EXERCISE PROMPT: From the data that follows, set down exactly the lines from the one with "Jellyfish Brushed Aluminum Dibond Wall Art." through the one with "Pllakë amë Gigabyte", counting both. Pictures stay out.

INFORMATION:
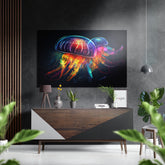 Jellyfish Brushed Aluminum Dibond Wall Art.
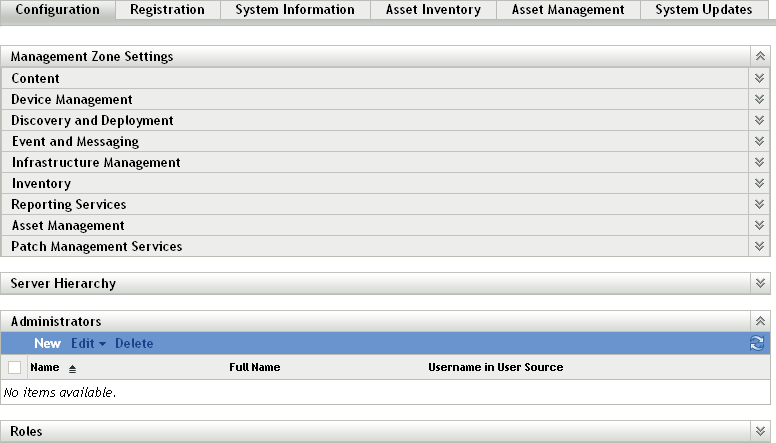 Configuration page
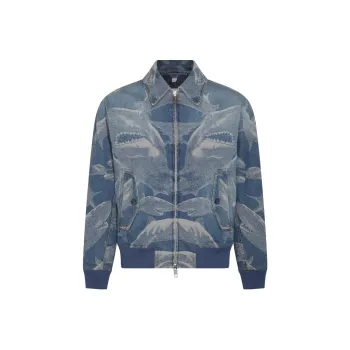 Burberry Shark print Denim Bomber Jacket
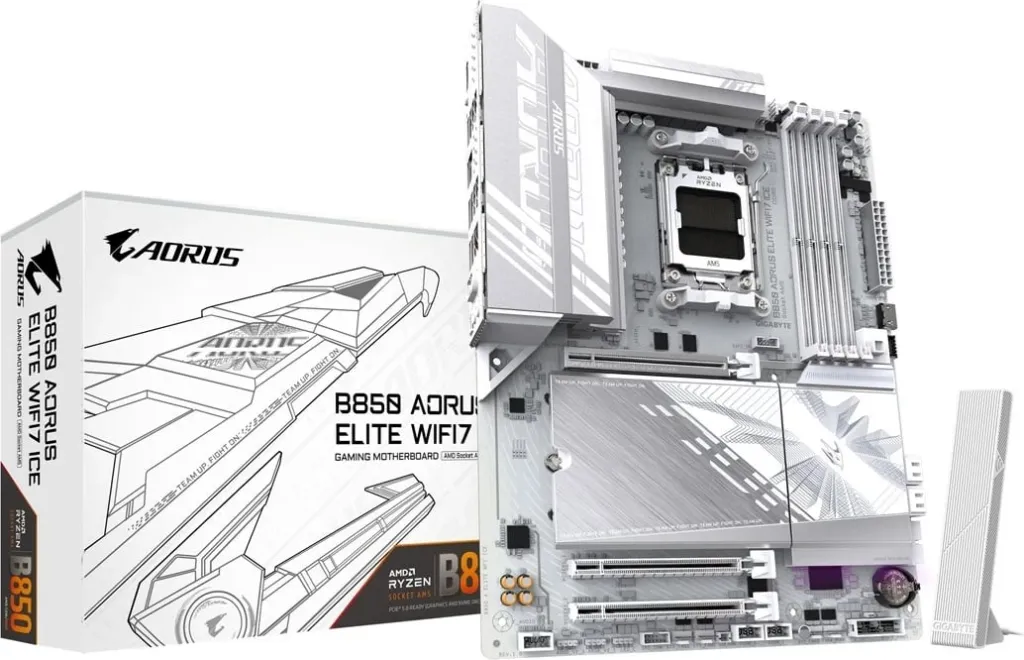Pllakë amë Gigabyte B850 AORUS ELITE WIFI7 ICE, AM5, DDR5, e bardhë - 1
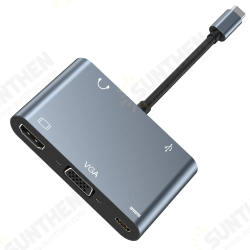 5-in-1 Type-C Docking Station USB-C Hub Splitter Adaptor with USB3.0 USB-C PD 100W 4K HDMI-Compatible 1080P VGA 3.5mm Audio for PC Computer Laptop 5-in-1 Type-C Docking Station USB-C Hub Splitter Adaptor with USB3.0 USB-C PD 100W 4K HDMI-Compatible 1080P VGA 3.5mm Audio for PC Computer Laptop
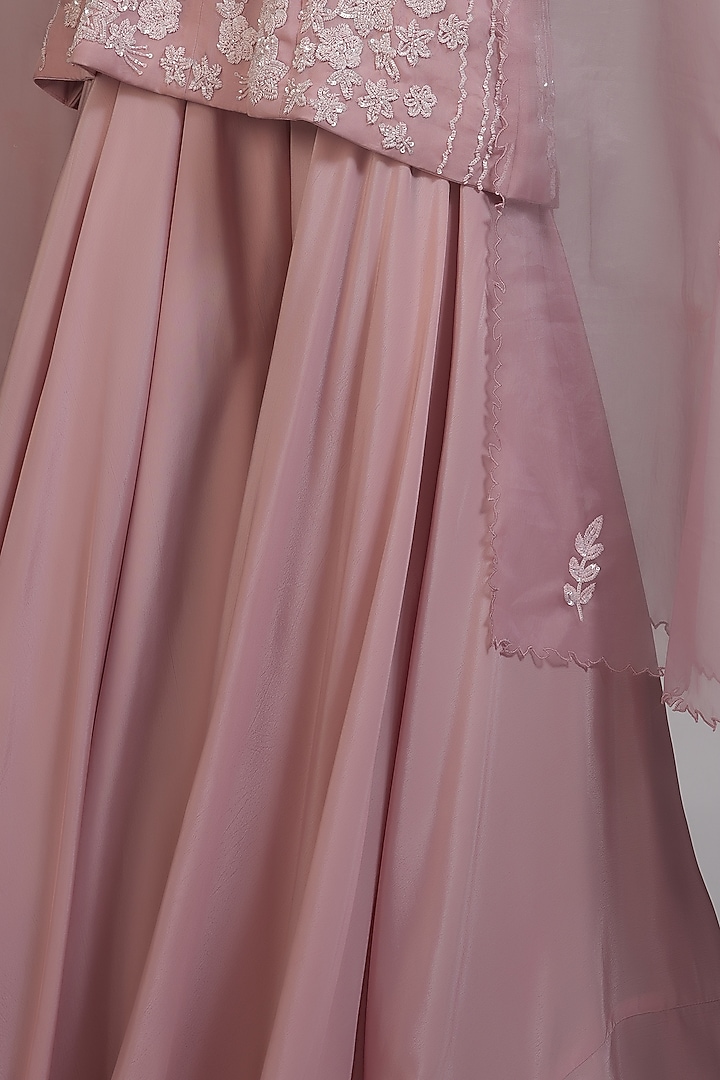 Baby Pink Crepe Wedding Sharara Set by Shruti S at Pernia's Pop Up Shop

...

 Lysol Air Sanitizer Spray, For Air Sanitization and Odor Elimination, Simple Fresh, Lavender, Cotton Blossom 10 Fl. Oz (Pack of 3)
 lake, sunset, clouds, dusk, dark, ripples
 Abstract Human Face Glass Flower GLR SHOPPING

TASK OUTPUT:
 Jellyfish Brushed Aluminum Dibond Wall Art.
 Configuration page
 Burberry Shark print Denim Bomber Jacket
Pllakë amë Gigabyte B850 AORUS ELITE WIFI7 ICE, AM5, DDR5, e bardhë - 1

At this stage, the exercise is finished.